Kata "pemenang", yang menunjukkan pemenang kompetisi atau pemenang hadiah, diterjemahkan sebagai "dimahkotai dengan kemenangan". Kebiasaan ini berasal dari Yunani Kuno, di mana karangan bunga laurel adalah hadiah, simbol kemenangan. Mengapa laurel menerima kehormatan seperti itu?
Orang selalu memperlakukan evergreen, salah satunya laurel, dengan cara yang istimewa. Mereka melihat di dalamnya personifikasi keabadian, keteguhan - dengan kata lain, segala sesuatu yang secara tradisional bertentangan dengan kefanaan kehidupan manusia. Kemuliaan pemenang harus abadi - dalam hal apa pun, orang ingin mempercayainya.
Pohon Apollo
Patut dicatat bahwa atlet di Yunani Kuno tidak dimahkotai dengan kemenangan, bagi mereka karangan bunga cabang zaitun atau … seledri adalah tanda kemenangan. Penghargaan berupa karangan bunga laurel itu ditujukan bagi para pemenang terbaik Pythian Games yang digelar di Delphi. Seiring waktu, permainan ini juga mulai memasukkan kompetisi olahraga, tetapi konten utamanya selalu menjadi kompetisi penyair dan musisi - dengan kata lain, mereka yang masih disebut "pelayan Apollo". Kepada dewa seni pelindung inilah laurel didedikasikan. Kenapa tepatnya padanya?
Hubungan ini memiliki dasar yang nyata: pohon-pohon ini tumbuh di Gunung Parnassus, yang dipuja orang Yunani sebagai tempat tinggal para renungan dan Apollo Musaget. Tetapi akan aneh jika mitologi tidak memunculkan legenda yang menjelaskan hubungan antara pohon salam dan dewa seni.
Apollo, seperti banyak dewa Yunani, dibedakan oleh cintanya.
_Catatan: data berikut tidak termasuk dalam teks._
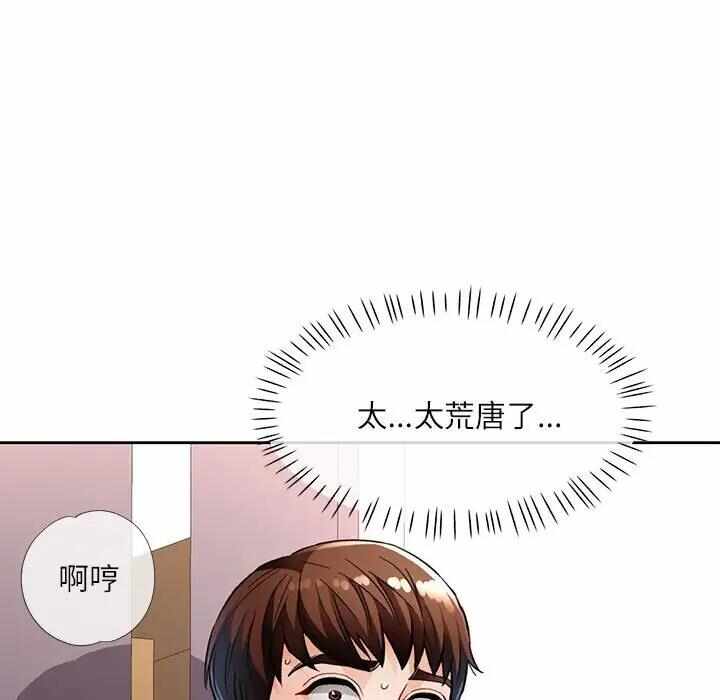 第62张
Suatu ketika subjek hasratnya adalah seorang nimfa bernama Daphne, tetapi si cantik bersumpah untuk tetap suci dan tidak akan menyerah pada pelecehannya. Wanita malang itu memohon kepada para dewa untuk melindunginya dari penganiayaan Apollo, dan para dewa mengindahkan doa itu: bukannya seorang gadis, pohon laurel muncul di pelukan Apollo. Tuhan menaruh karangan bunga daun salam di kepalanya agar tidak berpisah dengan kekasihnya, berubah menjadi pohon.
Sejarah lebih lanjut dari simbol
Karangan bunga laurel sebagai simbol kemuliaan dan kemenangan diambil alih dari Yunani oleh peradaban kuno lainnya - Romawi kuno. Berbeda dengan Hellas yang indah, Roma yang keras tidak mengakui kemuliaan dan kemenangan apa pun, koma militer. Simbolisme karangan bunga laurel berubah: dimahkotai dengan komandan yang menang, pada awalnya dikenakan oleh kaisar Romawi sebagai tanda kekuasaan.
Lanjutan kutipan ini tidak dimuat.